▸ Task brief
Exclude images and print all the records verbatim.

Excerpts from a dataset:
=== Section Start ===

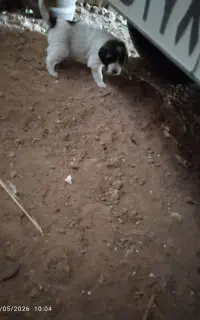 توله ماده اصیل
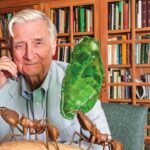 Scientist E.O. Wilson, dubbed modern-day Darwin, dead at 92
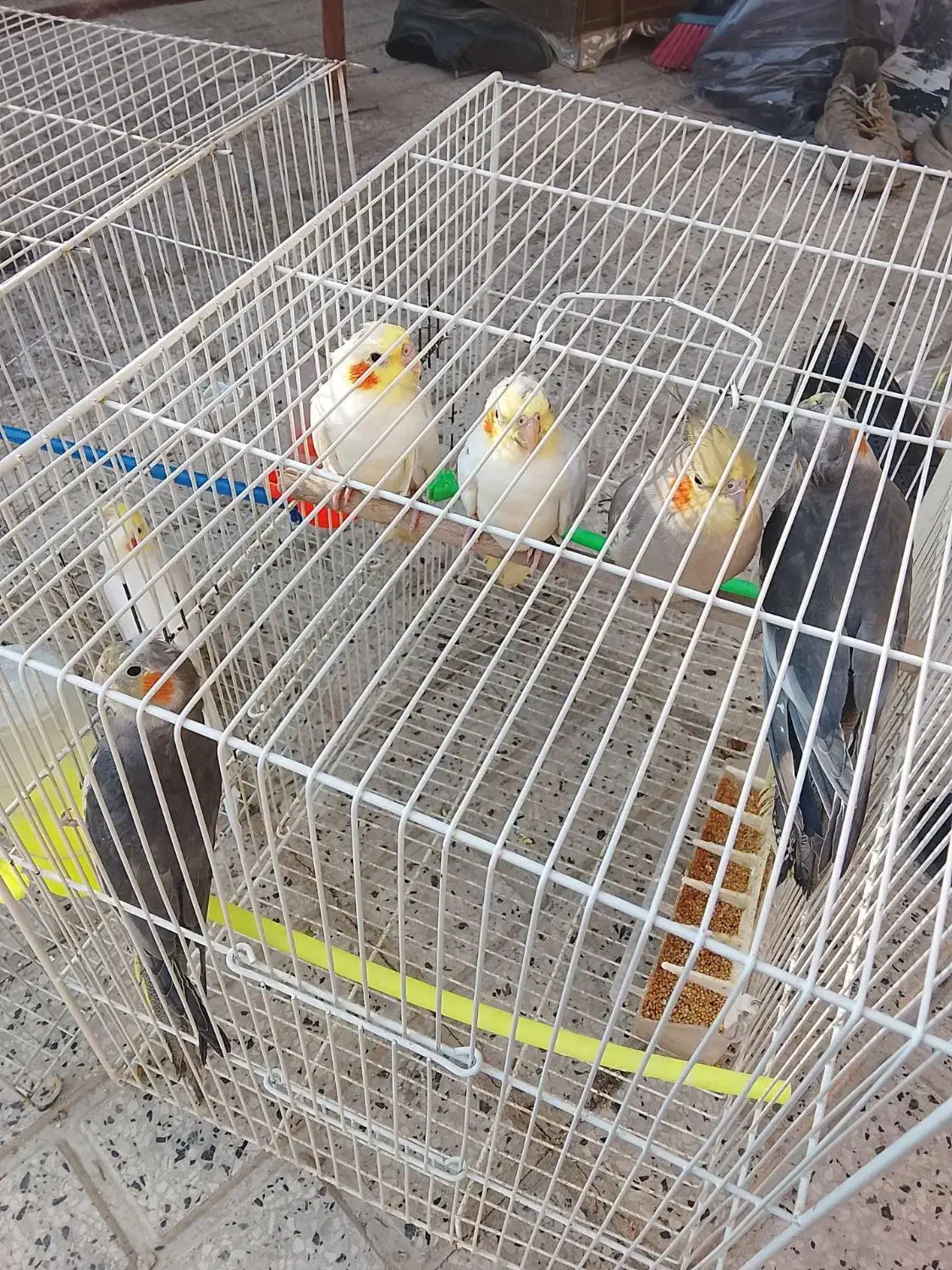 عروس هلندی|پرنده|مشهد, ادیب نیشابوری (شهرک غرب)|دیوار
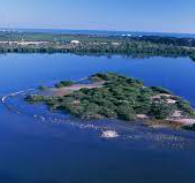Pelican Island, Florida named first national wildlife refuge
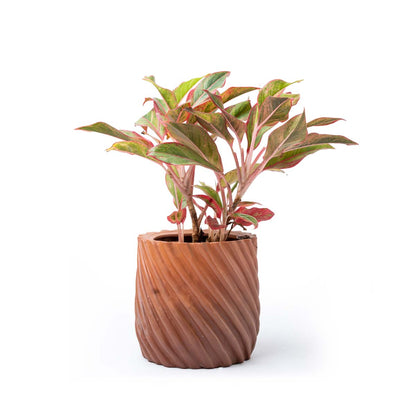 Lined Clay Pot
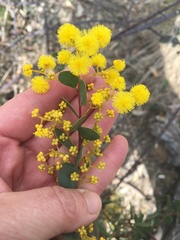 Acacia buxifolia
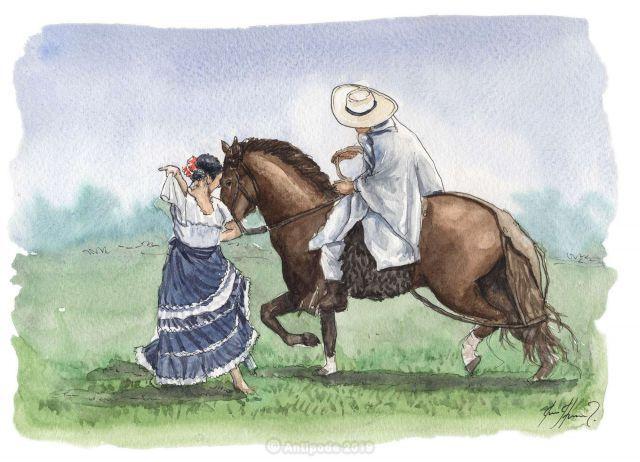 Ilustración espectáculo ecuestre caballo de paso bailando marinera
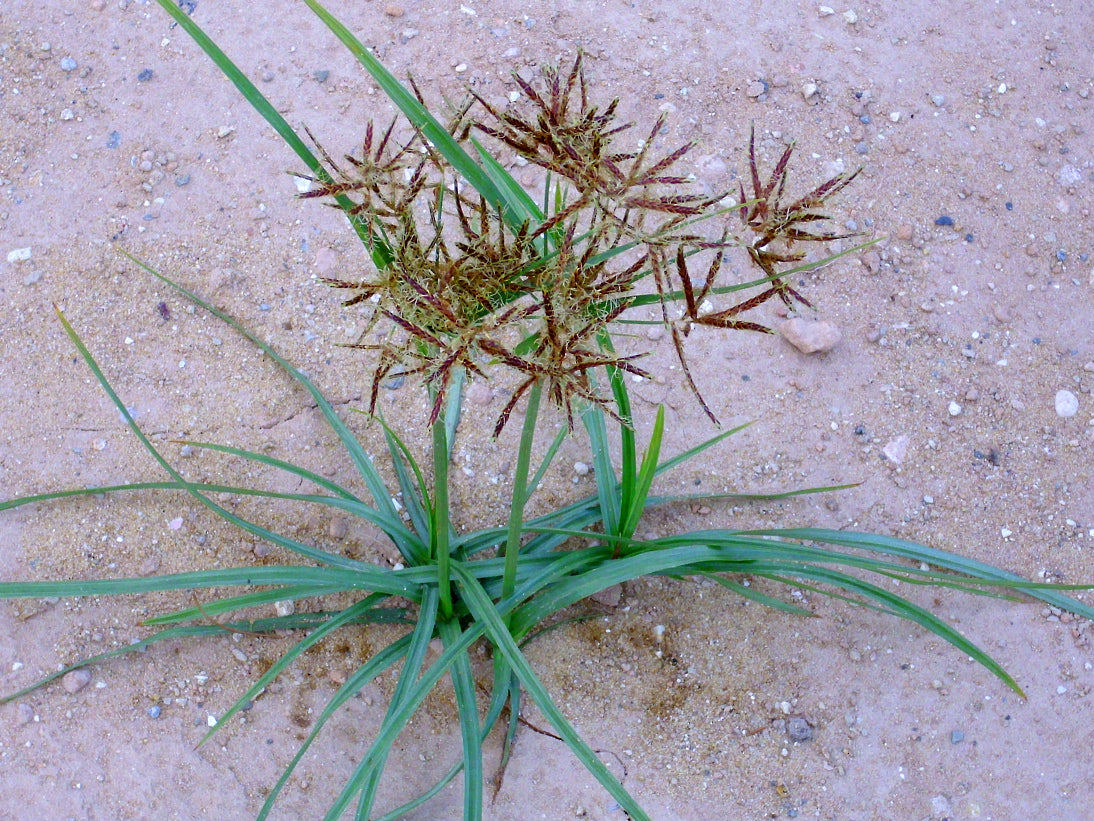 Nutgrass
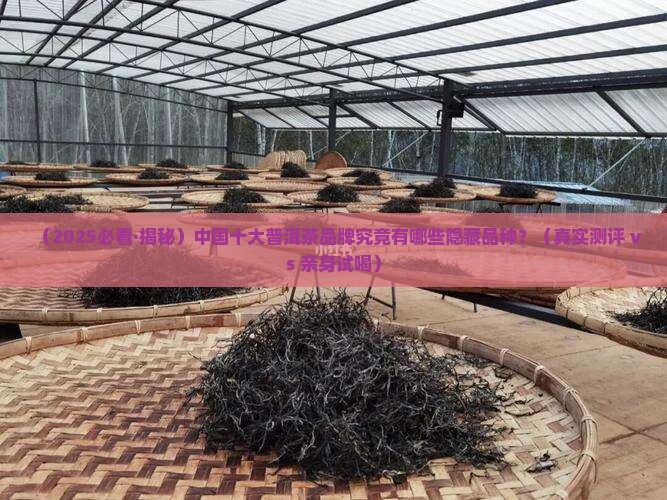 中国十大普洱茶品牌有哪些品种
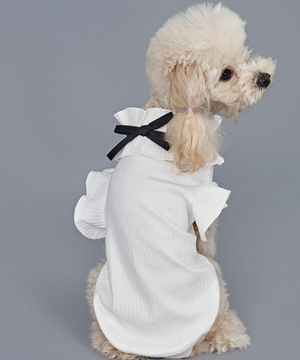 강아지 리본 프릴티 화이트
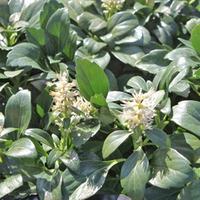 Pachysandra terminalis \'Green Carpet\' (Large Plant) - 2 x 9cm potted pachysandra plants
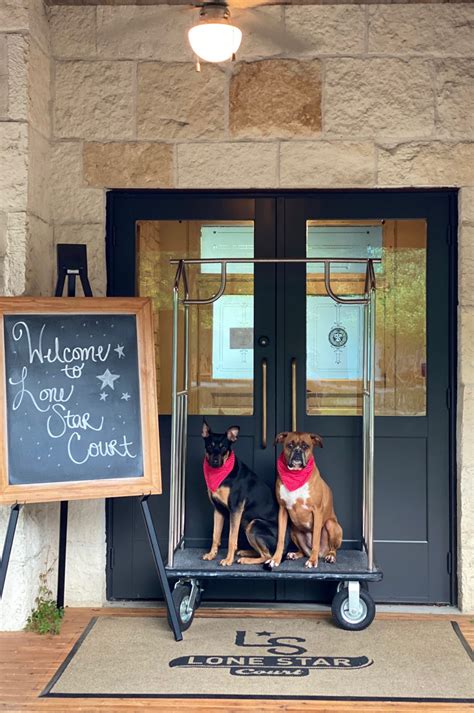 Pet Friendly Austin Hotels | Dog Friendly Hotels at The Domain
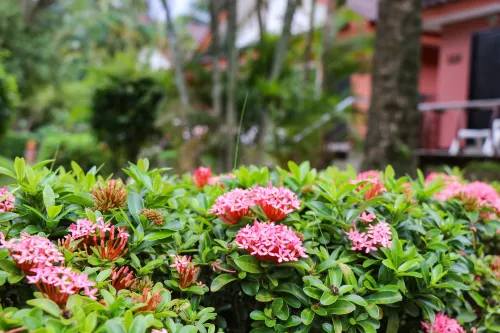 Andaman Seaside Resort Bangtao Beach Photos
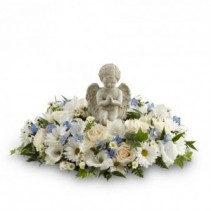 Little Angel Arrangement  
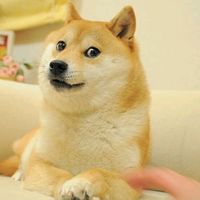 team_doge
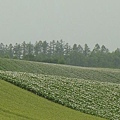 北海道 花田'.jpg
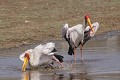  Tantale ; bain ; toilette ; eau ; savane ; oiseau ; Kruger ; Afrique du Sud 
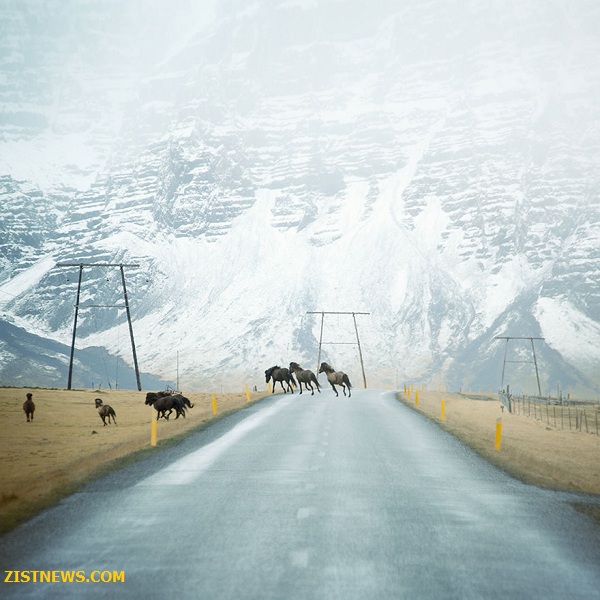 جاده های تنها!(+عکس)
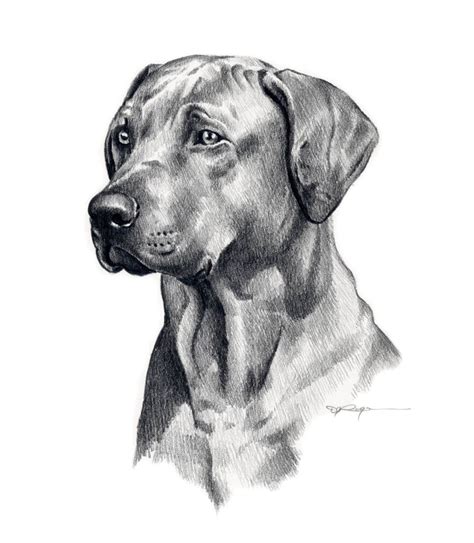 RHODESIAN RIDGEBACK Dog Pencil Drawing Art Print by Artist DJ - Etsy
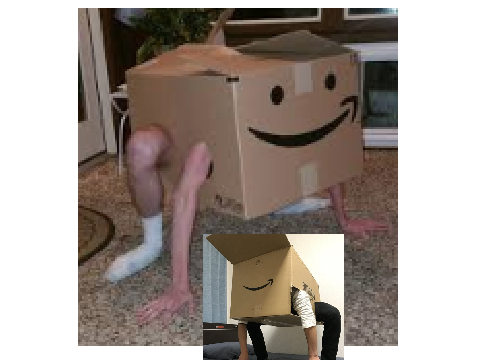 look at my amazon box pets i got from the backrooms!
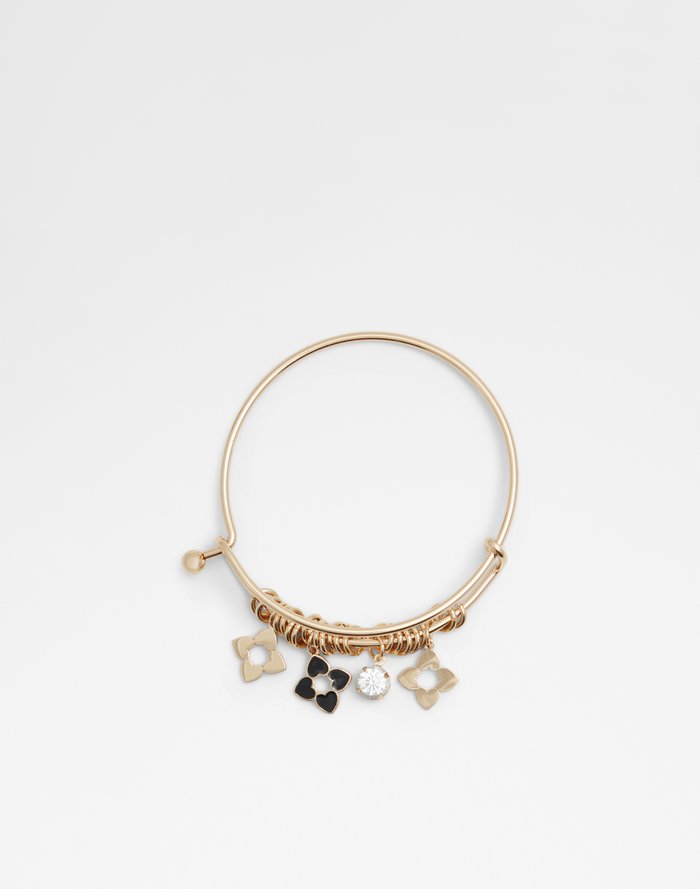 Aaedien Accessory - Black-Gold Multi - ALDO KSA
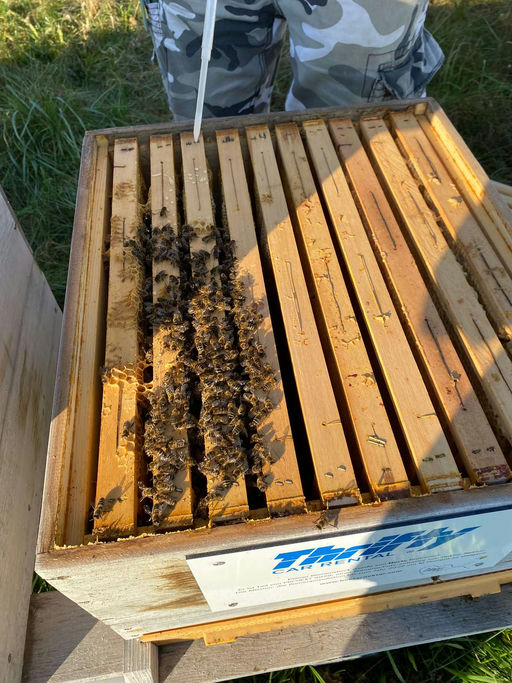 Restentmilbung, Futterkontrolle, allgemeine Kontrolle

=== Section End ===

▸ Answer box
 توله ماده اصیل
 Scientist E.O. Wilson, dubbed modern-day Darwin, dead at 92
 عروس هلندی|پرنده|مشهد, ادیب نیشابوری (شهرک غرب)|دیوار
Pelican Island, Florida named first national wildlife refuge
 Lined Clay Pot
 Acacia buxifolia
 Ilustración espectáculo ecuestre caballo de paso bailando marinera
 Nutgrass
 中国十大普洱茶品牌有哪些品种
 강아지 리본 프릴티 화이트
 Pachysandra terminalis \'Green Carpet\' (Large Plant) - 2 x 9cm potted pachysandra plants
 Pet Friendly Austin Hotels | Dog Friendly Hotels at The Domain
 Andaman Seaside Resort Bangtao Beach Photos
 Little Angel Arrangement  
 team_doge
 北海道 花田'.jpg
  Tantale ; bain ; toilette ; eau ; savane ; oiseau ; Kruger ; Afrique du Sud 
 جاده های تنها!(+عکس)
 RHODESIAN RIDGEBACK Dog Pencil Drawing Art Print by Artist DJ - Etsy
 look at my amazon box pets i got from the backrooms!
 Aaedien Accessory - Black-Gold Multi - ALDO KSA
 Restentmilbung, Futterkontrolle, allgemeine Kontrolle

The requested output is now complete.